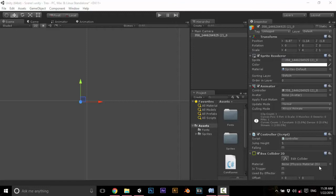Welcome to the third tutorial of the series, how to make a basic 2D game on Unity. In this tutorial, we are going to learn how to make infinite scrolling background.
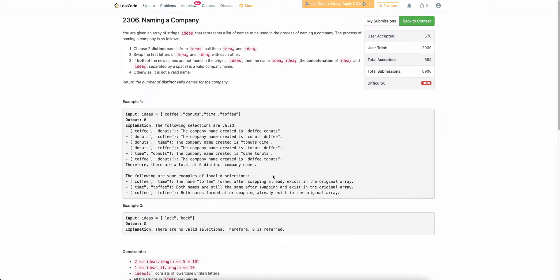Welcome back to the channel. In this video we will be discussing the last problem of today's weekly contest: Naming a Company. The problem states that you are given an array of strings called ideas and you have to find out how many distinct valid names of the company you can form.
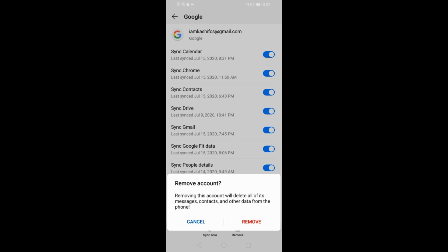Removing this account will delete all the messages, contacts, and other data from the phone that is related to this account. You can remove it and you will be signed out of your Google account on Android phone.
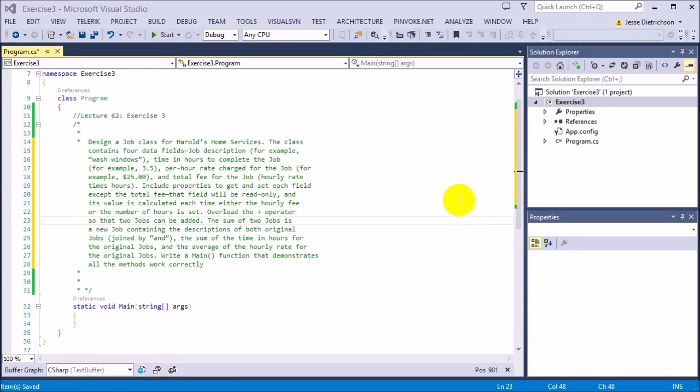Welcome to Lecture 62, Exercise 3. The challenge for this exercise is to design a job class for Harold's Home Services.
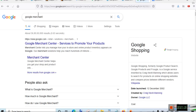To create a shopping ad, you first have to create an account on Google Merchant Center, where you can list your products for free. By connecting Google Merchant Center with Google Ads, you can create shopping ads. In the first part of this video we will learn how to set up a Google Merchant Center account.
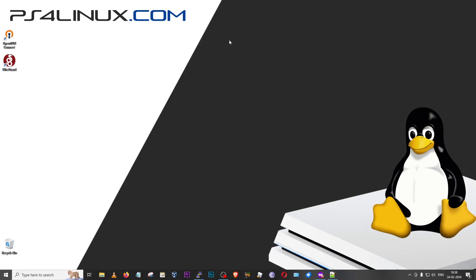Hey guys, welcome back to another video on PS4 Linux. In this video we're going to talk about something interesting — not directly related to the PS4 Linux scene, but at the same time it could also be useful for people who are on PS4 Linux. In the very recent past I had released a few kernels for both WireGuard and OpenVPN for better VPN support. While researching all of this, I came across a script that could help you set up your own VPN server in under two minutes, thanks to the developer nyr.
▬▬▬
- EXERCISE OBJECTIVE: Pictures excluded, transcribe the listing above exactly from the line with "Removing this account" through the line with "Welcome to Lecture", and no further.

- RESULT FOR THIS TASK:
Removing this account will delete all the messages, contacts, and other data from the phone that is related to this account. You can remove it and you will be signed out of your Google account on Android phone.
Welcome to Lecture 62, Exercise 3. The challenge for this exercise is to design a job class for Harold's Home Services.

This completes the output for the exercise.